Paying out "contract laborers" is hazardous for small business. Be careful.

What is at risk?
Add up the amount you have paid "contract laborers" in a year's time. Multiply the amount by 15%. That is the amount IRS could demand that you pay. Multiply that by the last several years. Add the interest and penalty.

But I have a written agreement with the contract laborer?
I have an authentic-looking $1,000 bill with a portrait of the the Statue of Liberty. It has the words "legal tender for all debts, public and private." It is still worthless.

  1. I, John Smythe, understand and agree that I am not an employee of Deserk St Exxon.
  2. I understand that taxes will not be withheld from my compensation because I am an independent contractor.
  3. I further agree that I will be fully responsible for my own taxes.

This does not work. The IRS says that a person either is or is not an independent contractor. If you can control the hours, supervise or train the employee, and provide the tools to do the work, that person is clearly an employee. If you are not certain, IRS expects you to ask them using Form SS-8. You can fill-in this form online then print it out.

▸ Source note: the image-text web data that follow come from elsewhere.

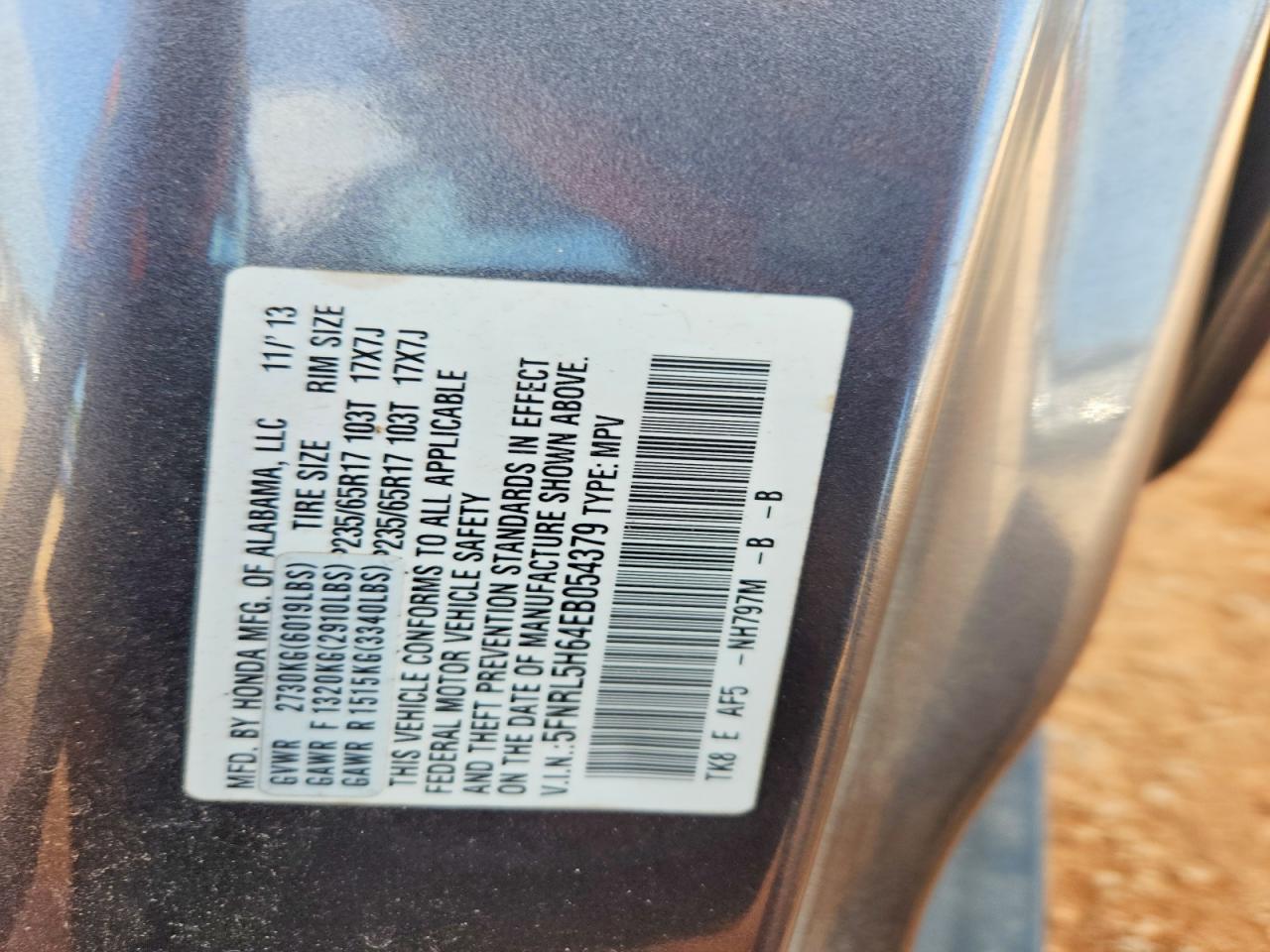 2014 Honda Odyssey Exl Gray vin: 5FNRL5H64EB054379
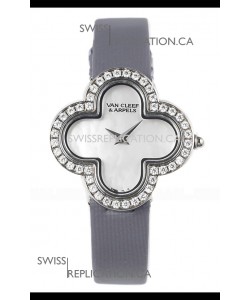 Van Cleef & Arpels Alhambra Stainless Steel Diamonds Bezel Grey Strap Watch 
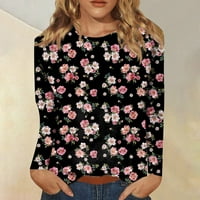 Хуахен ризи с дълъг ръкав за жени Сладък печат графични тениски блузи попадат случайни тениска плюс размер основни върхове Пуловер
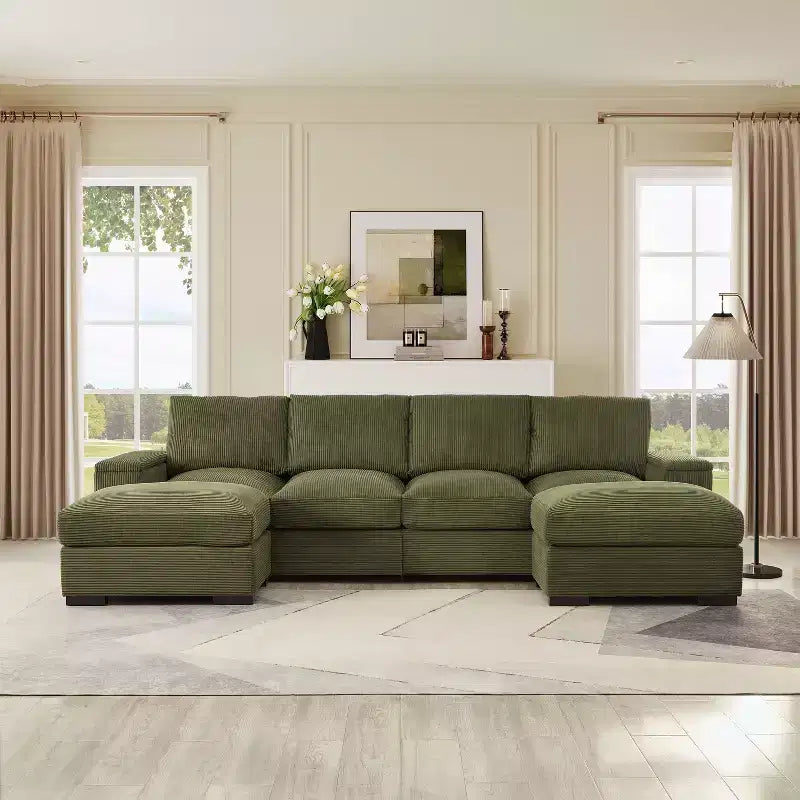Divano Sezionale con Pouf, Seduta Profonda, 4 Posti — Beige / Verde / Arancione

If you must have a written "agreement," instead use this STATEMENT TO INDEPENDENT CONTRACTOR instead. It is a statement, not an agreement.

This could happen, but does it ever happen?

Here's how it happens.

  1. You have a firm written agreement with a contract laborer.
  2. At the end of the year, you give him his Form 1099 showing $20,000.
  3. He goes to H&R Block, Hewitt-Jackson, Econotax, or other tax preparation service.
  4. The tax return preparer tells him he owes $4,000. He becomes enraged and makes a scene.
  5. To shift the blame to someone else, the preparer blames you for not holding out taxes.
  6. The preparer tells him about Form SS-8.
  7. "You might be able to get IRS to collect the tax from your employer," he explains.
  8. They file Form SS-8.
  9. There is about a 50:50 chance that IRS will take up the issue against you.
  10. You show the IRS agent the written agreement.
  11. The agent asks to keep the agreement as evidence that you deliberately avoided holding out taxes.

What do I do if I have this situation?
These are my suggestions:

  1. Ask me to write you a letter telling you that you cannot continue to do this.
  2. Fill out Form SS-8 with or without the employee's knowledge. The IRS will tell you in writing whether the person is an employee.
  3. Be done with it and give him a choice of being paid as an employee or being fired.